The ability of tree species to adapt to water stress and increased frequency of bark beetle outbreaks with climate change may increase with population size and standing genetic variation, calling into question the resilience of small, rare plant populations.  The Torrey pine (Pinus torreyana) is a rare, genetically depauperate conifer that occurs naturally in a mainland and island population in southern California.  Due to recent declines in the mainland population coinciding with drought and Ips paraconfusus bark beetle outbreaks, the species would benefit from an assessment of adaptive genetic diversity.  Here, we use RNA-Seq to survey gene-coding diversity across 40 individuals to 1) characterize patterns of genetic diversity in the species and 2) test for genetic differentiation between trees that succumbed to beetle attack or survived following an outbreak.  Consistent with previous studies, we found few genetic variants, with most SNPs occurring as fixed differences between populations.  However, we found structure within the mainland and polymorphisms segregating in both populations.  Interestingly, we found differentiation in genotypes between attacked and surviving trees and 11 SNPs associated with survival status, several of which had defense-related functions.  While low diversity suggests limited adaptive capacity, genetic associations with survival in functionally relevant genes suggest adaptive potential for bark beetle defense.  This initial study prompts future research to explore the genetic basis of putative resistance and suggests conservation efforts should protect surviving genotypes and the full spectrum of genetic diversity across populations to preserve the evolutionary potential of the species.

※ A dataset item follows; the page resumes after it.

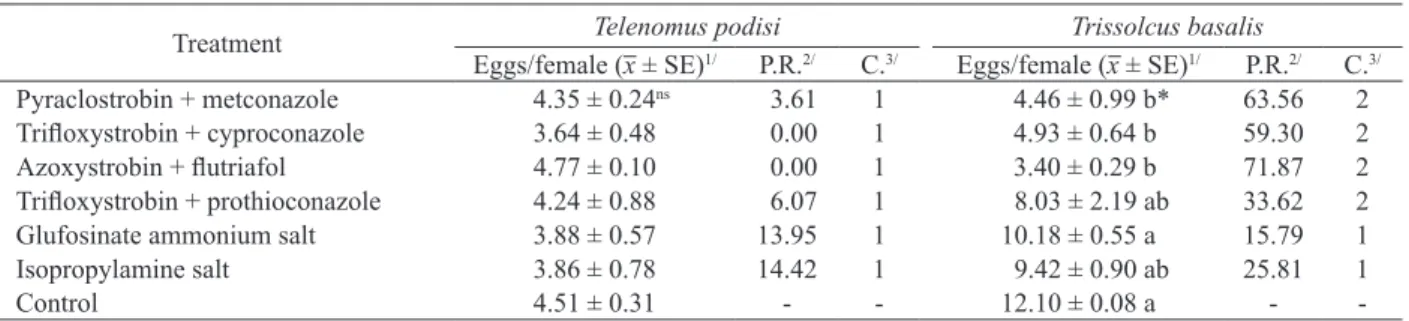 Table 4. Parasitism reduction and classification of fungicides and herbicides registered for soybean crop to Telenomus podisi and  Trissolcus basalis - Bioassay III (temperature: 25 ± 1 ºC; RH: 70 ± 10 %; photophase: 14 h).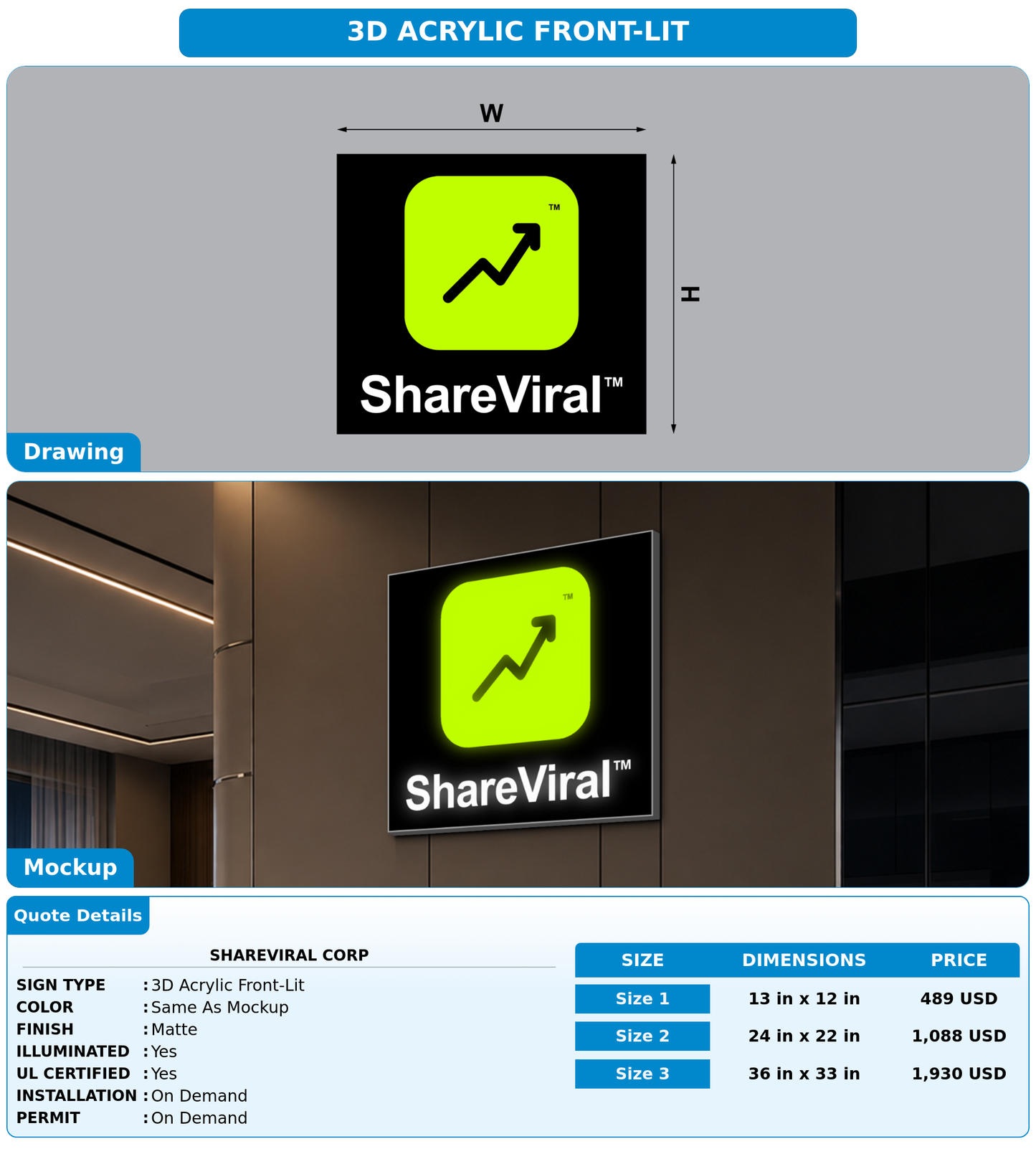 CUSTOM MOCKUP SIGN FOR ShareViral Corp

Our dataset consisted of 40 Torrey pine trees, including 32 cases and controls that succumbed to attack or survived following a bark beetle outbreak, respectively, and eight additional trees for diversity estimates.  We filtered RNA-seq fastq files using the HTStream pre-processing pipeline (UCDavis) and aligned reads to the Pinus taeda genome v2.01 downloaded from the TreeGenes database.  Due to the large and fragmented nature of the genome assembly, we sorted contigs by size and concatenated them into 222 ~100 Mb ‘pseudocontigs’ with contigs separated by 10 N’s.  We then aligned processed Torrey pine reads to the P. taeda pseudocontigs using two-pass mode with the splice aware aligner STAR v2.6.0.  We used Samtools v1.9 to retain only uniquely mapped reads and to remove PCR/optical duplicates, secondary/supplementary alignments, reads failing QC, and unpaired reads.  Refer to the manuscript for further data processing details.

Usage notes


SNP vcf file of 4,750,889 raw SNPs called with GATKv4.1.4.1 HaplotypeCaller and genotypeGVCFs for 40 Torrey pine samples. CHROM and POS are in pseudocontig coordinates.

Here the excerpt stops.